*Work item*
Among the entries below, extract exactly the lines that run from the one with "Scared Stray Dog" through the one with "Systems ... •", both ends included.

*Data to examine*
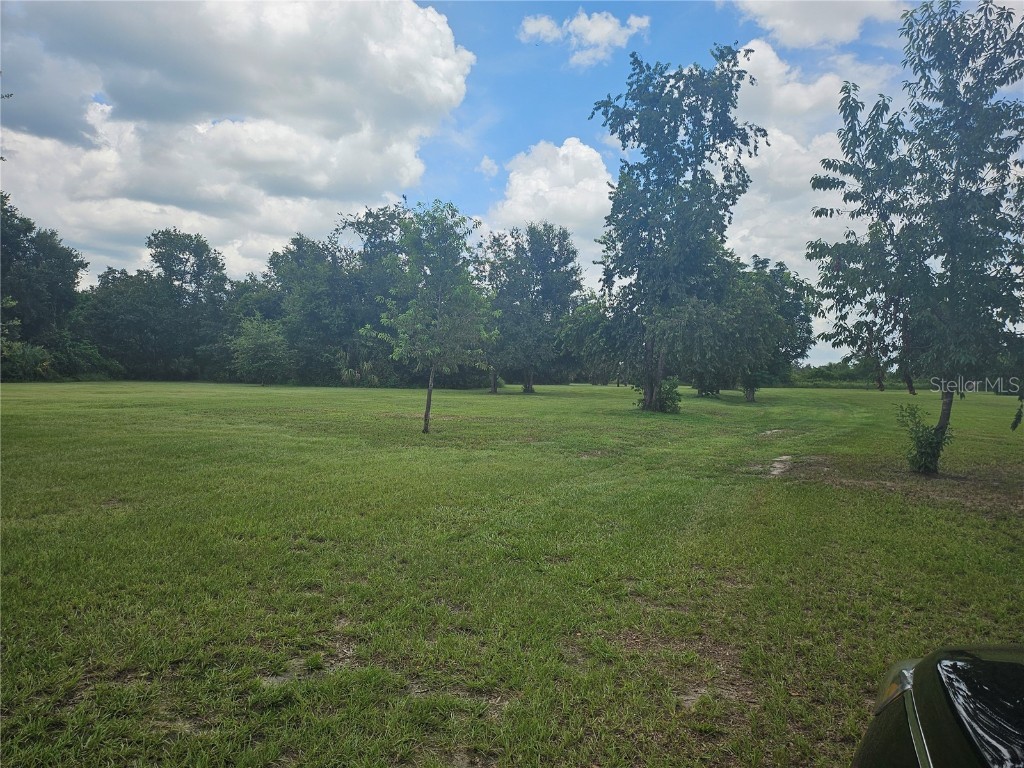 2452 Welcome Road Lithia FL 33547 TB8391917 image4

--

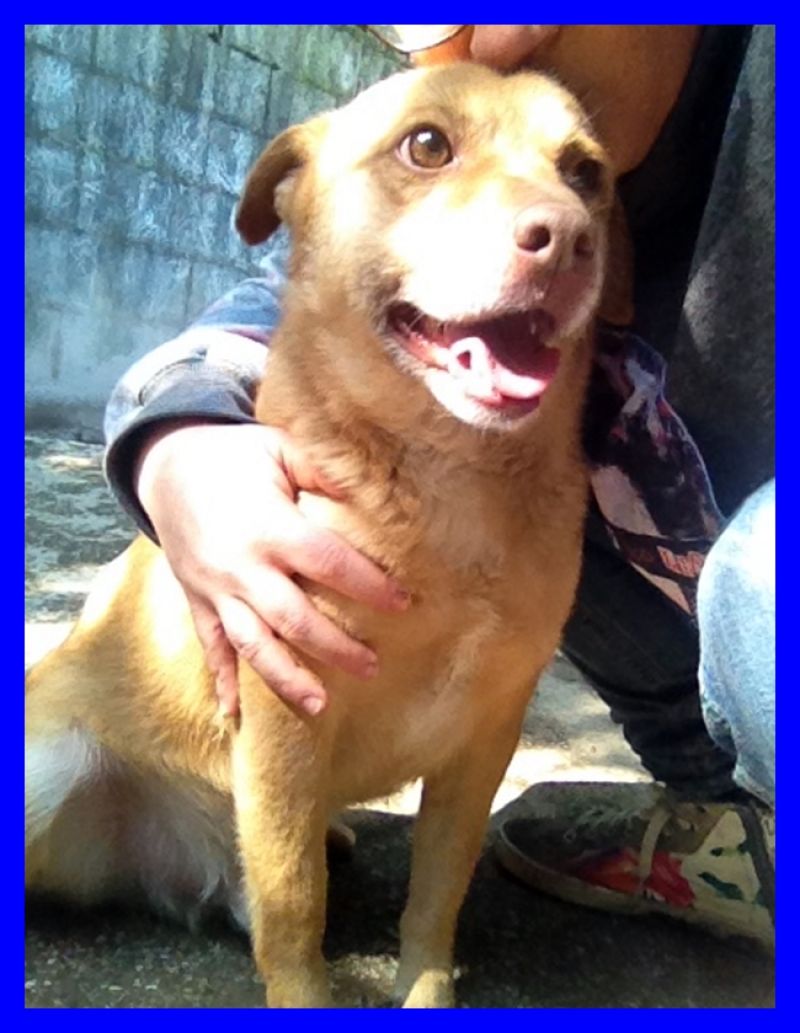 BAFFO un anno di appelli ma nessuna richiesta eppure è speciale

--

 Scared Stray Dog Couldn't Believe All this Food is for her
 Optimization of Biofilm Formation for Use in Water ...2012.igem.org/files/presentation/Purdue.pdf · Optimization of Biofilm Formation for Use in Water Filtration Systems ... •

*Task output*
 Scared Stray Dog Couldn't Believe All this Food is for her
 Optimization of Biofilm Formation for Use in Water ...2012.igem.org/files/presentation/Purdue.pdf · Optimization of Biofilm Formation for Use in Water Filtration Systems ... •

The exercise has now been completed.